“It was my third IVF and finally we saw two lines on the home pregnancy test. Joy and relief flooded my body WE WERE PREGNANT! This was my time, no more longing, no more fear I’d never have a child. No more spending every penny I had on IVF. I could finally enjoy life now, I felt my life had been on hold for so long.
Two weeks later, I went for a scan alone. I was a little nervous as we already had one ectopic pregnancy, a miraculous unassisted conception but was just bad luck, we were told the chances of it happening again were so low and we had removed the fallopian tube.
As the doctor started the scan i held my breath and prayed… please God let there be a heartbeat… and there it was! A tiny flickering heartbeat in just the right place. I sent a video of this to my partner and we watched it a hundred times over the next two weeks, patiently waiting for our next scan.
This time my partner was coming too, so he could see the heartbeat for himself. The doctor started the second scan and I was watching his face, waiting for his reaction when he saw that precious heartbeat. Waiting, waiting, then the doctor was very quiet and had a serious look on his face. Finally, he spoke.’I’m sorry, but I can’t find the heartbeat.’ Our baby’s heart had stopped beating, and all our hope and happiness was snuffed out.
I had a surgical procedure to remove the pregnancy and genetic testing to determine what went wrong. The tests showed I was carrying a little girl and she had Trisomy 22. ‘Not compatible with life.’ Apparently it’s a common cause of miscarriage in the first trimester. It didn’t make it any easier, I was devastated, and dealt with it by focusing on getting pregnant again by the time she would have been born, which was late October.
We started trying again just as soon as we were medically able to. Two more perfect embryos on board, a long two-week wait to find out if they had implanted or not and then the test. We were pregnant again!
We weren’t quite as joyful this time as things had gone wrong twice before, but happy. We were just praying all would be well.
I nervously walked into that scan room alone, and the doctor started the scan, Straight away, I just KNEW it was bad news and then the words came. ‘I’m sorry, this pregnancy isn’t viable, it’s ectopic.’ Again. Against all odds, this little embryo had found its way into the remainder of the tube that was removed! Surgery followed that same day. I was CRUSHED and felt lost in a never ending cycle of trying and failing but unable to give up on my dream.
After this came more embryo transfers but each one was a negative. October came and went and with each day I felt sadder than ever before. It was like the grief suddenly rose up to an unbearable point.
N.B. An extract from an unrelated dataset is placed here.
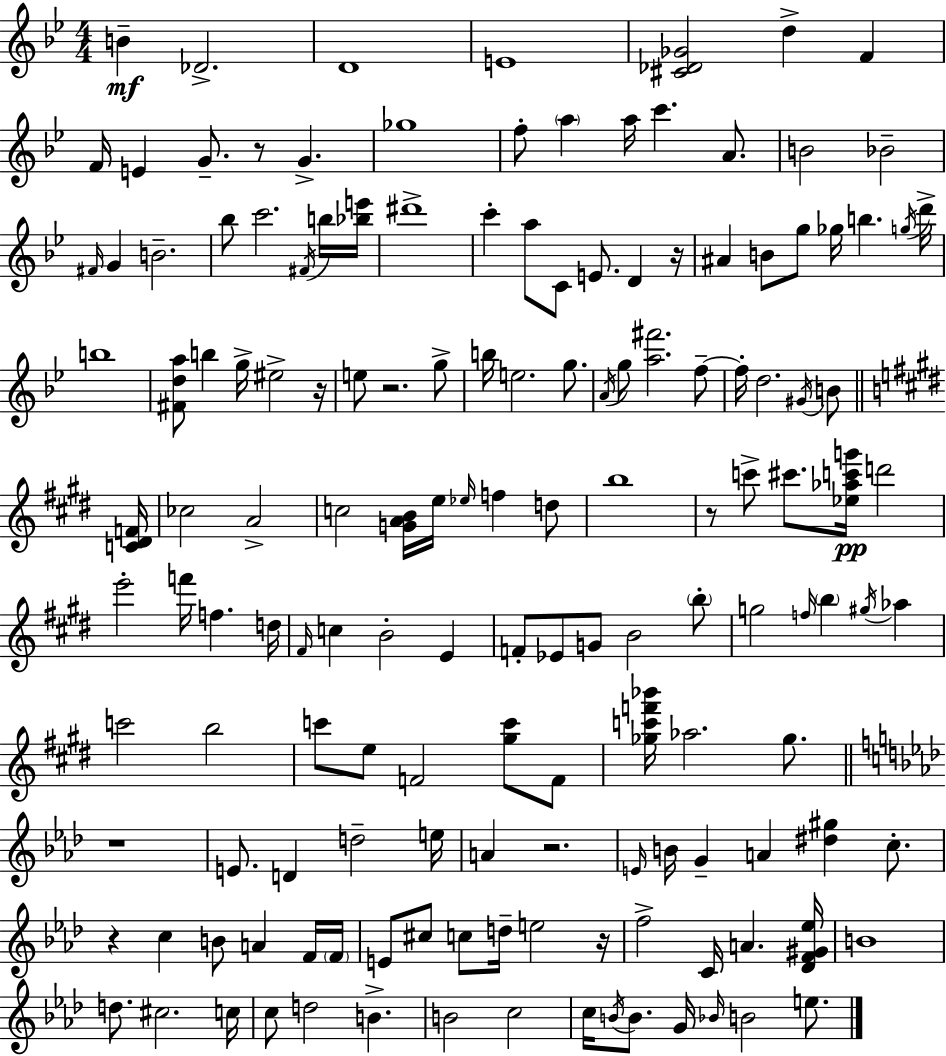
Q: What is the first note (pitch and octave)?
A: B4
The clinic suggested we switch to genetically testing our embryos and using a surrogate, but I wasn’t ready for surrogacy quite yet so we switched clinics. I heard amazing things about a clinic in Athens, Greece, so we headed there for our 8th cycle. We produced some perfect embryos and the embryologist even let us look at them through the microscope, life in its earliest form. It was such an amazing opportunity and we were so grateful! My partner said they looked just like diamonds. That cycle was our lucky cycle and our baby girl Violet was born, Daddy calls her his little diamond. The moment she was placed safely in my arms was one I will never forget, happiness and relief in equal measures. We had FINALLY made it.
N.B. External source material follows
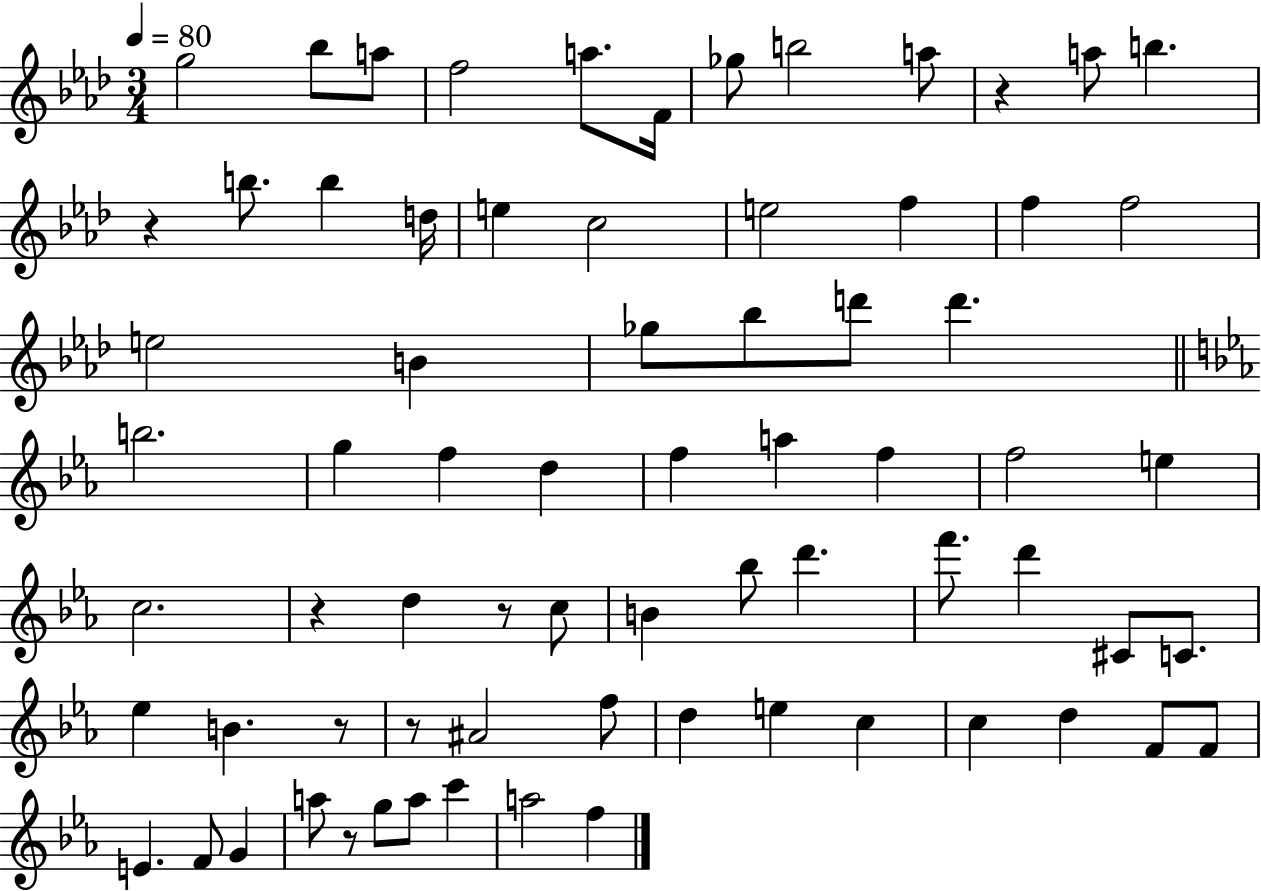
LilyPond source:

I always wanted a big family, but after the hell we had been through to get our baby, I didn’t expect it to ever happen. We still had some embryos frozen and we promised we would leave no man behind, so we went back to Greece to try for a sibling. We had a few cycles, they were either negative or cancelled due to issues. We had one last try left, three embryos remained frozen and I kept delaying going back for them. The thought of this being our last go was so nerve wracking, if it didn’t work then I knew there would be no more children. I was 41 and Violet was almost 6 years old, it was now or never. The thought of it failing and knowing it was so final frightened me, there were no more tries after this, my embryo quality wasn’t at its best now that I was older and it marked the end of a very long journey.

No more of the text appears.